Memaklumkan bukan berarti membenarkan, kita hanya berusaha tak terlalu mengambil hati semua tindakanya saat dia sedang marah. Tentu semua memiliki batasan tertentu, itu sebab tulisan ini nggak bisa digeneralisir, ini hanya pandangan saya pribadi saja kok.

4. Dia itu Manusia Mana Bisa Dengar Suara Hati

Sekalipun ada usaha untuk memaklumkan dan berlapang dada, bukan berarti setiap orang bisa marah dan mencaci maki se-enak udel nya sendiri.Karena seperti yang sering kita baca di quotes-quotes populer, omongan kita itu kayak paku di hati orang lain, kalaupun nanti paku itu di cabut kan bekas nya tetap ada di sana.

Jadi ya hati-hati saja. Kalaupun dia sakit hatinya cuman dua hari karena kita, tapi sebenarnya itu waktu yang berharga banget buat dia. Dua hari yang mungkin sudah kita hancurkan mood nya. Lagian amarah kita bisa jadi hal yang membuat renggang hubungan kita dengan orang lain. Selain itu, amarah yang meluap-luap bisa jadi bikin orang tidak nyaman dengan diri kita.

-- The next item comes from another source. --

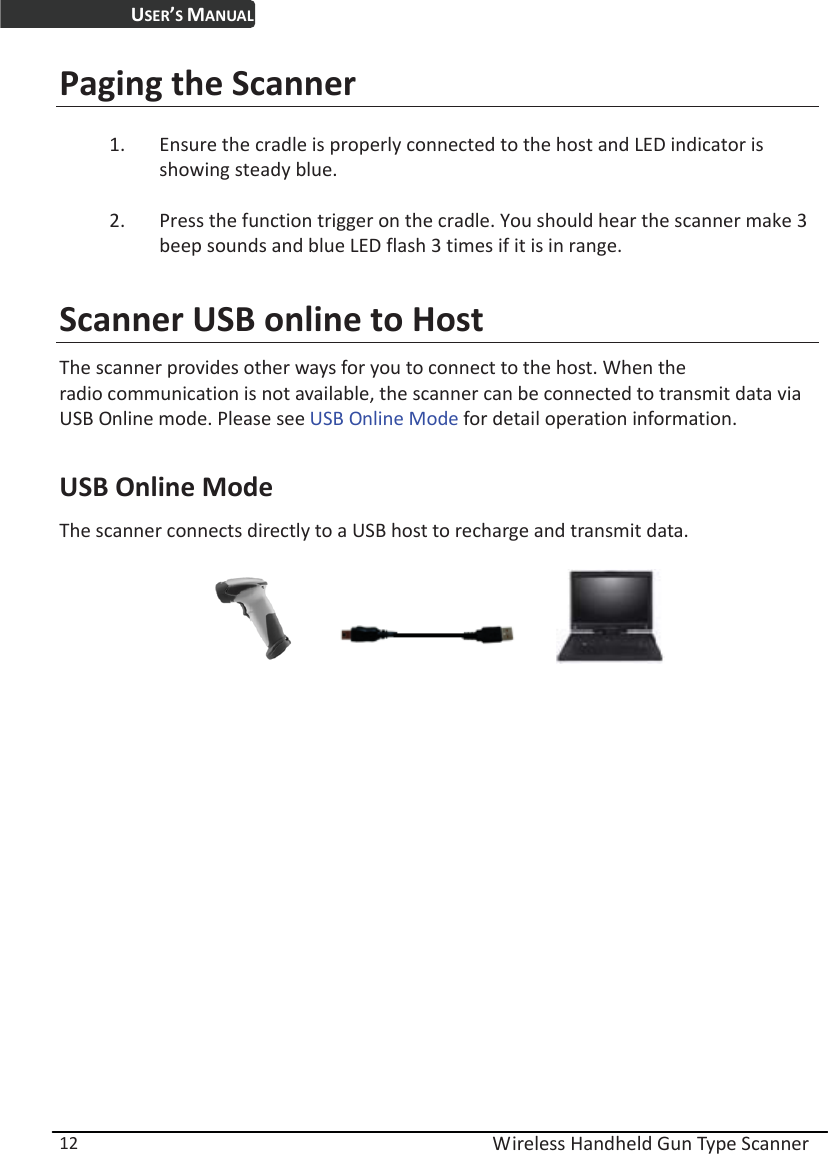 USER’S MANUAL  Wireless Handheld Gun Type Scanner 12 Paging the Scanner 1. Ensure the cradle is properly connected to the host and LED indicator is showing steady blue. 2. Press the function trigger on the cradle. You should hear the scanner make 3 beep sounds and blue LED flash 3 times if it is in range. Scanner USB online to Host The scanner provides other ways for you to connect to the host. When the   radio communication is not available, the scanner can be connected to transmit data via USB Online mode. Please see USB Online Mode for detail operation information.    USB Online Mode The scanner connects directly to a USB host to recharge and transmit data.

Mungkin sebenarnya maksud kita baik, hati kita sih bersih,   nggak niat bikin dia nangis, lah tapi kan dia manusia mana bisa dengar suara hati. Benerkan?

5. Amarah Selalu Punya Alternatif Lain

Buat saya pribadi amarah itu adalah rasa yang dalam aktivitasnya bisa diakalin. Memang sih lebih enak ngomong daripada ngelakuin, makanya saya  ngomong. Tapi ya adakalanya amarah itu harus diukur dengan apa yang terjadi pada perasaan orang lain bukan kepuasan pribadi semata.

Dulu saya pernah punya atasan yang tiap kali marah akan menarik nafas tujuh kali lalu memijit-mijit leher kami. Dia berkata sedang belajar menguasai amarah. Kami justru malah jadi segan dan kagum. Jadi ya tanpa di perintah dan tanpa dibawah intimidasi kami tetap melakukan pekerjaan kami dengan baik.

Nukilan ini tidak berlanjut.